Вернемся к сюжету. Если первая глава могла заставить нас подумать, что Хаим говорит за автора, отражая точку зрения Граде, то вторая глава представляет собой объяснение: автор позволяет Расейнскому заклеймить юношеское увлечение Хаима коммунизмом, каким бы идеалистическим оно ни казалось в то время. И в оставшейся части рассказа мы все время помним, что Граде так же хочет отстоять позицию Расейнского, как и ту позицию, которую мы считаем его собственной. Интимная словесная скоропись двух героев — лишь один из способов, которым рассказ создает ощущение самодостаточной еврейской культуры в Европе. Эта культура и такая душевная организация существовали независимо от окружения там и продолжают существовать для многих евреев и сегодня.

Спор возникает вновь

Последняя смена декораций происходит в третьей главе. Прием, с помощью которого автор переносит читателей из одного пространства в другое, я считаю одним из самых мощных в еврейской литературе:

И вновь прошло девять лет, девять лет войны и Холокоста, моих скитаний по России, Польше и Западной Европе. В тысяча девятьсот сорок восьмом, летним вечером я ехал в парижском метро…

Граде уже переносился из 1937 года в 1939‑й простым «Прошли два года». Легко перескакивая через девять лет, годы хурбн, величайшей Катастрофы европейского еврейства, он отказывается придавать им решающее значение в еврейской истории и еврейской мысли.

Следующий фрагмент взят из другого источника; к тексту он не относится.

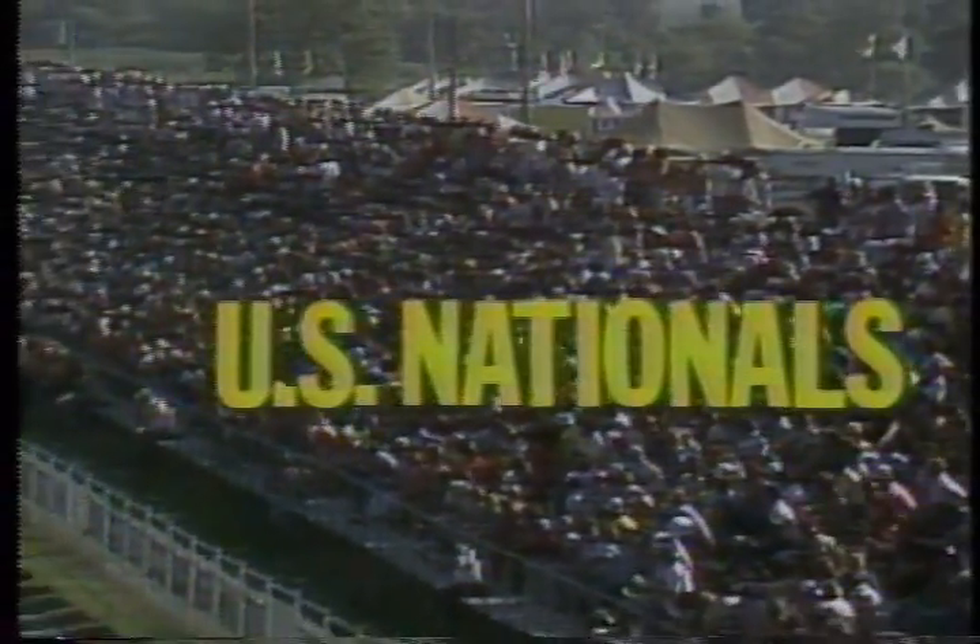Diamond Pea Sports presents Championship Drag Racing from the National Hot Rod Association. The 24th Annual U.S. Nationals.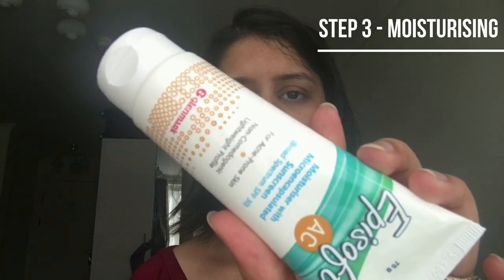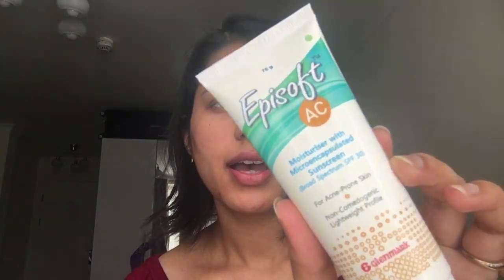After that I will be using this moisturizer from a drugstore — it is called the Episoft AC moisturizer for acne-prone skin. I'll link this in the description bar below if you want to check it out. I'm using it as recommended by my dermatologist, so you might want to check it out before you use it.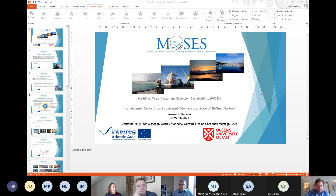Good afternoon, everybody. My name is Christina Kelly and I am a research fellow in the School of the Natural and Built Environment here at Queen's University. I am one of the researchers involved in the Moses project with my colleagues at Queen's. This presentation is an overview of the case study of Belfast Harbour, which was one of a number of research modules within the Moses project, looking at transitioning towards port sustainability.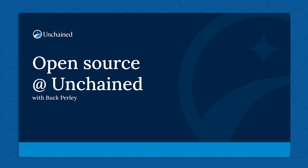Hi, my name is Buck Purley. I'm a senior software engineer at Unchained. I've been primarily working on our wallet infrastructure team, and one of the pieces that my team tends to work on as part of those responsibilities is our open source. Today, what I wanted to talk about was a little bit about our open source strategy at Unchained and how we view it as part of the larger Bitcoin ecosystem.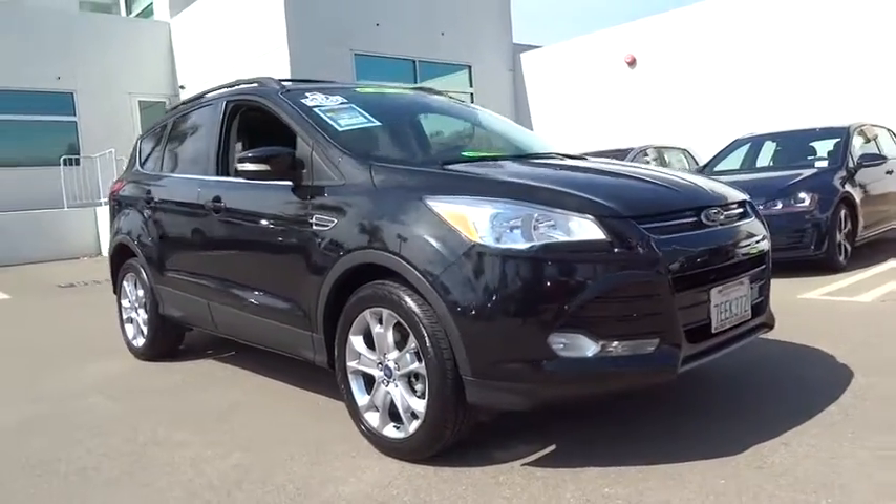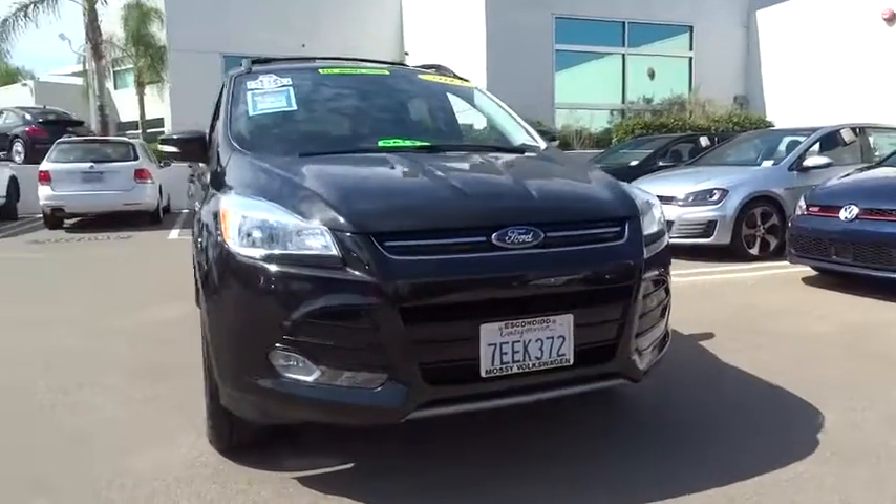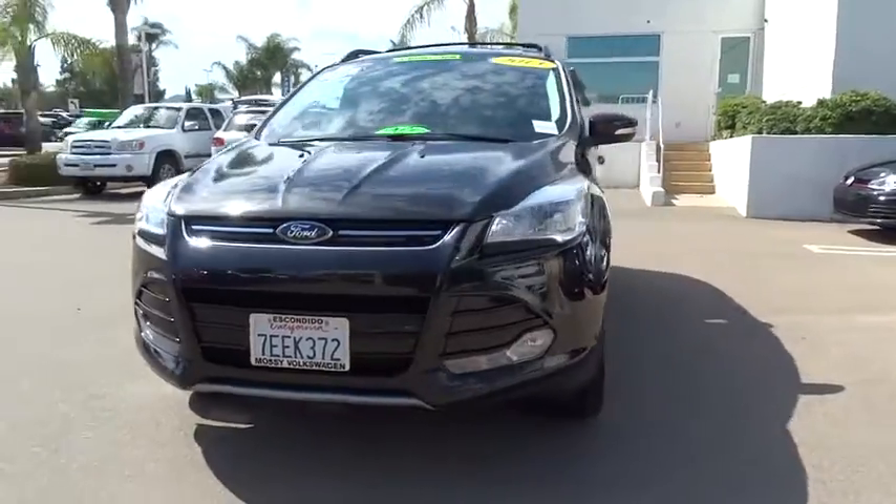The 2013 Escape. Gas engines flex, tow, sip, and go with Ford Escape.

Холокост устроили немцы. Нацистская партия планировала и приводила в исполнение «окончательное решение», которое сократило численность еврейского народа на треть и почти положило конец двухтысячелетней истории евреев Европы. Оно отняло у двух бывших ешиботников из нашего рассказа семьи, жен и родителей, друзей и родные общины: им никогда не вернуть утраченного. Но какое это имеет отношение к ним и их криг? Граде дерзко отвечает: почти никакого. «Прошло девять лет» подтверждает, что проблемы, с которыми сталкивались евреи до войны, остались и после войны, и все произошедшее мало изменило их.

Собеседника/антагониста Хаима Виленского Граде выбрал не случайно. Переводчики, критики и исследователи давно предполагали, что образ Герша Расейнского основан на реальном человеке; благодаря работам Йеуды‑Дов‑Бера Циркинда теперь наконец удалось установить, кем же был этот человек.

Это был Гершон Либман, которого Граде в одном из первых черновиков рассказа назвал ешивной кличкой Ковельский. Все, что говорит о себе вымышленный Расейнский, полностью совпадает с тем, что известно о реальном Ковельском–Либмане: он учился вместе с Граде в Новогрудской ешиве в Белостоке; оказавшись в концлагере Берген‑Бельзен, он собрал вокруг себя учеников, которых обучал и поддерживал; после войны он открыл, видимо, первую послевоенную ешиву в Германии и еще несколько во Франции и Марокко. Дополнительным подтверждением того, что Либман стал прототипом Расейнского, служат его рассказы ученикам о том, что он встречался с Граде в Париже и пытался вернуть его к религии.

Но диалог и сопровождавшие его события принадлежат, конечно, исключительно перу Граде, и персонаж обладает именно той силой, которую вложил в него автор.

События переносятся в Париж 1948 года, и спор вспыхивает заново, вдалеке от ешивы и (mutatis mutandis) советской угрозы. В какой‑то момент Хаима‑рассказчика смущает говорливость приятеля (сам Герш, по‑видимому, никакой тревоги не испытывает), но в остальном они могут беседовать сколько угодно и как угодно, — такова их награда за то, что они выжили в Европе.

Герш рассказал мне вкратце, что был в лагере в Латвии, а теперь он глава ешивы в Германии, в Зальцгейме.

— Глава ешивы в Германии, в лагере? А кто ваши ученики, реб Герш?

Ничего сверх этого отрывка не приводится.